Let us state that the treatment is specially planned and applied according to the health status of the mothers, the health condition of the baby and the reasons of preterm birth. The same treatment procedure is not applied to every expectant mother. First of all, when preterm labor is suspected, some medications may be prescribed by your doctor.

If this risk cannot be eliminated with the use of medication, gynecologists and obstetricians prepare themselves for a high risk birth and all kinds of precautions are taken. However, sometimes, unfortunately, the birth can start in the 34th week of pregnancy, or some doubts may arise that it will begin. In this case, you may need to be treated in a clinical setting and your doctor may recommend hospitalization.

A much different treatment is applied if the pregnancy water comes. Especially if the cause of premature birth and pregnancy water is due to infection, then your doctor may prescribe antibiotics. Corticosteroid use may be required between the 24th and 34th week of pregnancy to accelerate the lung development of the unborn baby.

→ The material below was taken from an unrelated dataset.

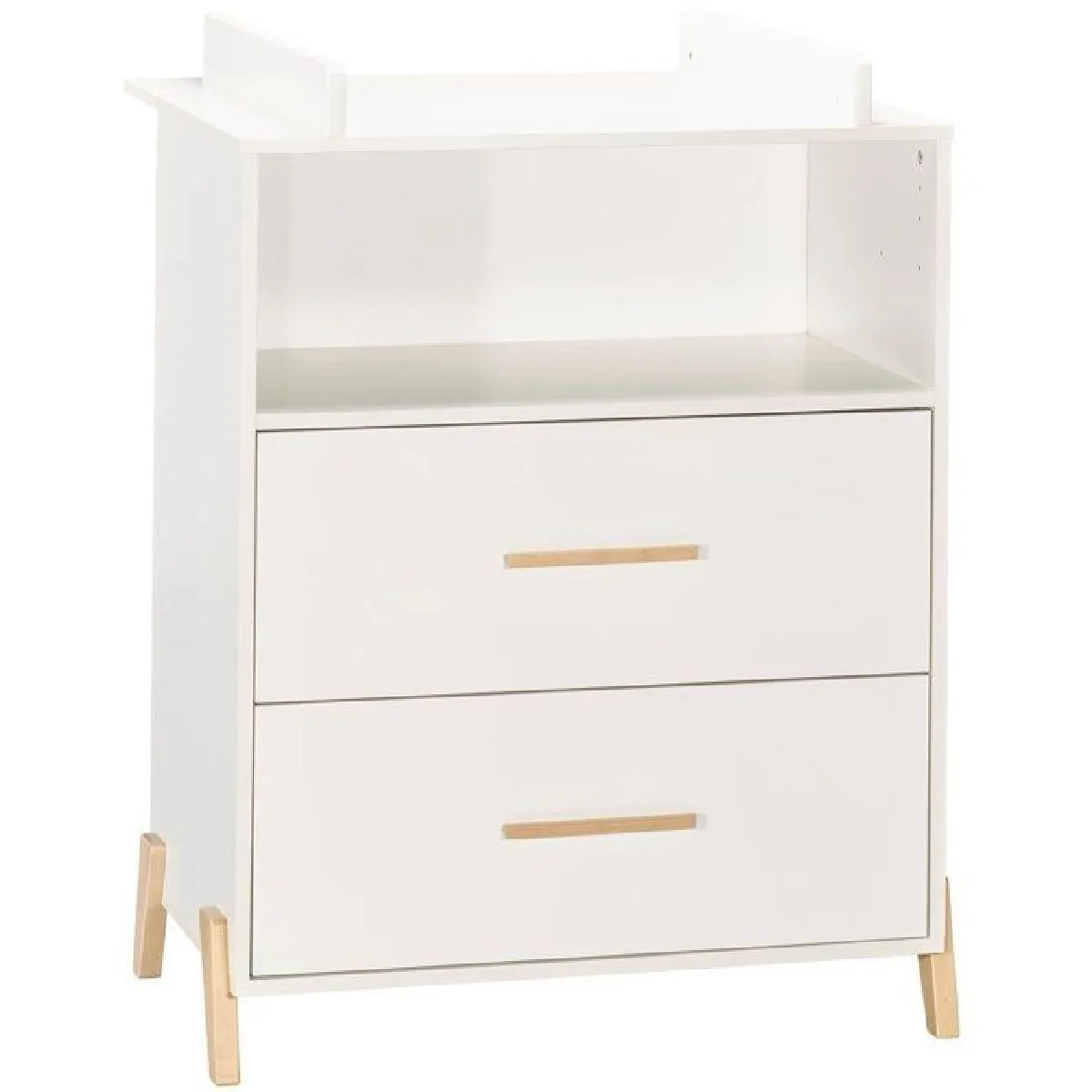 Commode et table langer Baby Price Babyprice - joy naturel - commode 2 portes et 1 niche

However, it may be necessary to use some drugs in order to control the contractions and delay the birth. These are all common treatment protocols. Different treatments may be required depending on the condition of the mother and the baby. In such a case, it is important for the expectant mother to remain calm and strictly comply with her doctor's recommendations and warnings, in order to be able to apply the treatment smoothly.